— Material for this task —
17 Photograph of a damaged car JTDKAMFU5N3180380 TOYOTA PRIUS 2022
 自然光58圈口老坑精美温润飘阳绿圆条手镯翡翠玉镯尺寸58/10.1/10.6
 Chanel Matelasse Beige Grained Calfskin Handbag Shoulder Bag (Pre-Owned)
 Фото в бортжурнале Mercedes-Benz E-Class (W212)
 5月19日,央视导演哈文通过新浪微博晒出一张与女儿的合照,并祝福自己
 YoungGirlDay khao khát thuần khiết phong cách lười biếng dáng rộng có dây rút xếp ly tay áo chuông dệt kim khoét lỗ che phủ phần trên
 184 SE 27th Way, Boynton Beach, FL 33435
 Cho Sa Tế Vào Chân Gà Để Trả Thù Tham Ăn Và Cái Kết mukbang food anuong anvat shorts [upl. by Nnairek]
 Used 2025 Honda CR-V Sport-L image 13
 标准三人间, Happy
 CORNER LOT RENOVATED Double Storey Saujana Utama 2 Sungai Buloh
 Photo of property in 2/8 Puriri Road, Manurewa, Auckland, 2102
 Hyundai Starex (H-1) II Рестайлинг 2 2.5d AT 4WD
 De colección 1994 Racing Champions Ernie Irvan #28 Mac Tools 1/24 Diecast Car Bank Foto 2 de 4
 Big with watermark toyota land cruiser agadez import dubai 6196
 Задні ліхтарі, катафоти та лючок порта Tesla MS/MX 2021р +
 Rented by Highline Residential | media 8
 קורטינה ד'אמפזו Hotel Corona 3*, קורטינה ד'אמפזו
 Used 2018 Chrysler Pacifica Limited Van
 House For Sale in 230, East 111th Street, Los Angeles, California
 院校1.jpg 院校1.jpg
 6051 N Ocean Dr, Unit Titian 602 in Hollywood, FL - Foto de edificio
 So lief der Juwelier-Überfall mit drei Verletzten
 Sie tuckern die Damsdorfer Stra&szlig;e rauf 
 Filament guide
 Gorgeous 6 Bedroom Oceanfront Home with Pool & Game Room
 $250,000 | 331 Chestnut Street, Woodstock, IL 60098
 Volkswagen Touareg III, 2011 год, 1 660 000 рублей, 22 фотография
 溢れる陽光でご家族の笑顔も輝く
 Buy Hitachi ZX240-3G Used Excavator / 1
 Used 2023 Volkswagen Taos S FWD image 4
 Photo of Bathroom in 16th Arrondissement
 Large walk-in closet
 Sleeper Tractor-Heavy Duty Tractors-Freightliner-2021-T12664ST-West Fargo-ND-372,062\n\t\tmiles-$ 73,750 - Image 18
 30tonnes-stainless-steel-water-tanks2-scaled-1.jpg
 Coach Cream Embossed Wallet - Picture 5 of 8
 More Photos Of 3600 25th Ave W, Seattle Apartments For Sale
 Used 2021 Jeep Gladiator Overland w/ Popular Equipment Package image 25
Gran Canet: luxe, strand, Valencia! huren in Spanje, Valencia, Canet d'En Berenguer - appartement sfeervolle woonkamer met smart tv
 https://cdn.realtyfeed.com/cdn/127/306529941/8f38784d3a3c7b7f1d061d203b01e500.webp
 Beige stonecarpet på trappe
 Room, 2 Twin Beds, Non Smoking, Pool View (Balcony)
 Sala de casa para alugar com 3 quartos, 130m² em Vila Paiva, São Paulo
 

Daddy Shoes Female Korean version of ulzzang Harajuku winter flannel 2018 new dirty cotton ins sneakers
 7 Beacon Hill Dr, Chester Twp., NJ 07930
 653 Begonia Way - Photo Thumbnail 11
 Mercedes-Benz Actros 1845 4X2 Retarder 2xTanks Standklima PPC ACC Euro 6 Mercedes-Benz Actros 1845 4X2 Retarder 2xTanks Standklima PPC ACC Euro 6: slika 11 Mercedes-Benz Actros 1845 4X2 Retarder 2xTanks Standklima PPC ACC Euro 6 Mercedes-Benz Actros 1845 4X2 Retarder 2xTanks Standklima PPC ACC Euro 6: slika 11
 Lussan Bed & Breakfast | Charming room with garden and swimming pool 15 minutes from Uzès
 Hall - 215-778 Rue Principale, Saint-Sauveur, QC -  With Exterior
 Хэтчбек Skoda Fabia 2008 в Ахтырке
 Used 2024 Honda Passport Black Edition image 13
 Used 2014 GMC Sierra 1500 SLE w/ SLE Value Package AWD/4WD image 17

— Directions for this task —
Your answer should be a single number: how many lines of the material above include "Sale".

— Your response —
2